It is of major importance to determine the influence of the fluid medium and the fluid dynamics inside the collector on the heat transfer. The heat transfer through a surface depends not only on the thickness and the heat conductivity of the material but also — and in some cases even predominantly — on the heat transfer coefficient between the fluid and the wall which is determined by the fluid dynamics in the vicinity of the surface. Thus one of the main objectives of this work was to study in detail the behaviour and the characteristics of the fluid flow by means of numerical simulations. By using computational fluid dynamics methods (CFD) it was possible to calculate the fluid flow in the absorber, the heat distribution in the solid materials and the radiation interaction between the internal and external surfaces.

In order to develop a systematic way to compare the mechanisms and the performance of different collector types, calculations for a simple flat plate collector were first made and the influence of various parameters was examined.

For symmetry reasons, the numerical model was reduced to a stripe of 1cm width and symmetric boundary conditions were set for both sides. The model consists of approx. 100’000 finite volumes (Fig. 1). CFD simulations were performed in order to quantify how the heat transfer depends on

• the length of the collector.

• the position of the absorber (above, in between or below the carrier fluid).

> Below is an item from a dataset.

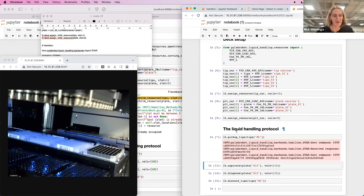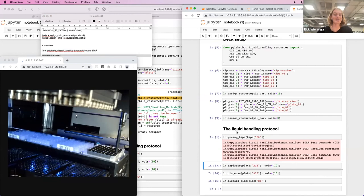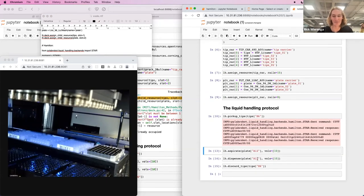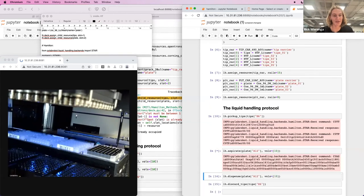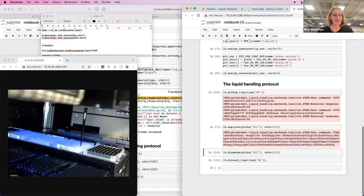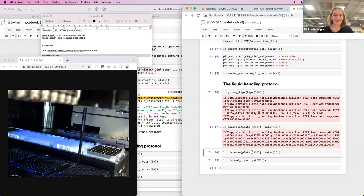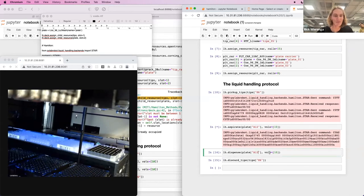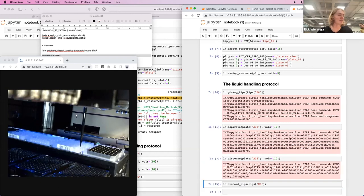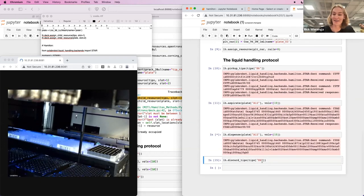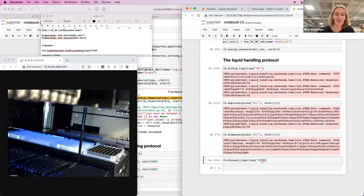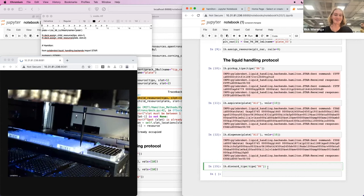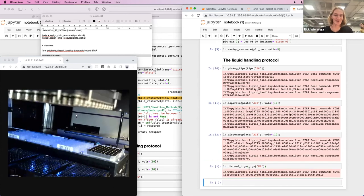And then we can pick up a tip remotely. Aspirate some air. And kindly put the air back again. And finally, discard the tip to the tip rack.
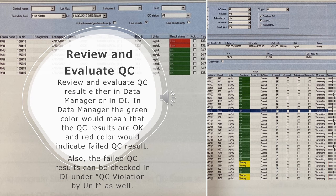Review and evaluate QC: Review and evaluate QC results either in Data Manager or in DI. In Data Manager, the green color means that the QC results are OK, and red color indicates failed QC result. Also, the failed QC results can be checked in DI under QC violation by unit as well.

• the height of the fluid channel.

• the mass flow rate.

Through series of systematic calculations the following dependencies were discovered:

The temperature difference between inlet and outlet is proportional to the length (Fig. 2).

The pressure drop in the fluid channel is proportional to the length.

The temperature difference increases if the height d of the channel decreases.

The pressure drop increases reciprocally with the channel height d.

AT is constant if the mass flow rate Фщ is held constant for different collector geometries.

The pressure drop is proportional to the mass flow rate.

Furthermore, the simulations showed that the position of the absorber does not influence the outlet temperature of the carrier fluid. However the temperature of the surrounding solid materials depends on the position of the absorber. Thus this parameter is of relevance for the design of the absorber for material or stability reasons. This topic is discussed in Section 4.